De maatschap, vof en cv hebben met elkaar gemeen dat zij alle drie obligatoire, wederkerige (meerpartijen)overeenkomsten zijn. Volgens het overeenkomstenrecht is men bij het aangaan van overeenkomsten in beginsel niet gebonden aan vormvereisten. Een personenvennootschap kan dus tot stand komen door een enkele mondelinge afspraak. Art. 22 K bepaalt dat bij de vof en cv een notariële of onderhandse akte moet opgesteld. Dit is geen bestaansvoorwaarde, maar een bewijsvereiste.
De aandeelhouder bij de NV/BV heeft een stortingsplicht. Hij moet minimaal 25% van het nominale bedrag van het aandeel en de agio storten, art. 2:80/191 BW. Storting kan in geld of in natura geschieden. Het is niet mogelijk dat een aandeelhouder geheel of deels van zijn stortingslicht wordt ontheven door de vennootschap. De aandeelhouder kan niet tegen zijn wil extra verplichtingen worden opgelegd (ook niet door statutenwijziging), art. 2:192 BW.
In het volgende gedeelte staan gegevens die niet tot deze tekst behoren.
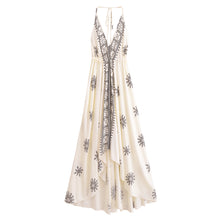Load image into Gallery viewer, Floral Print ,Backless Sexy Maxi Dres,Vacation Boho Dress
Krachtens art. 2:216 lid 1 BW komt de behaalde winst in beginsel aan de aandeelhouders ten goede, tenzij de statuten anders bepalen. De winst kan worden gereserveerd/ingehouden of uitgekeerd. Ingehouden winst komt op de passiefpost onder reserves te staan op de balans.
Wettelijke reserves: de wet verplicht een deel van de winst te reserveren, art. 2:373 BW. Statutaire reserves: de statuten bepalen dat winst moet worden gereserveerd, art. 2:373 lid 1 sub e BW.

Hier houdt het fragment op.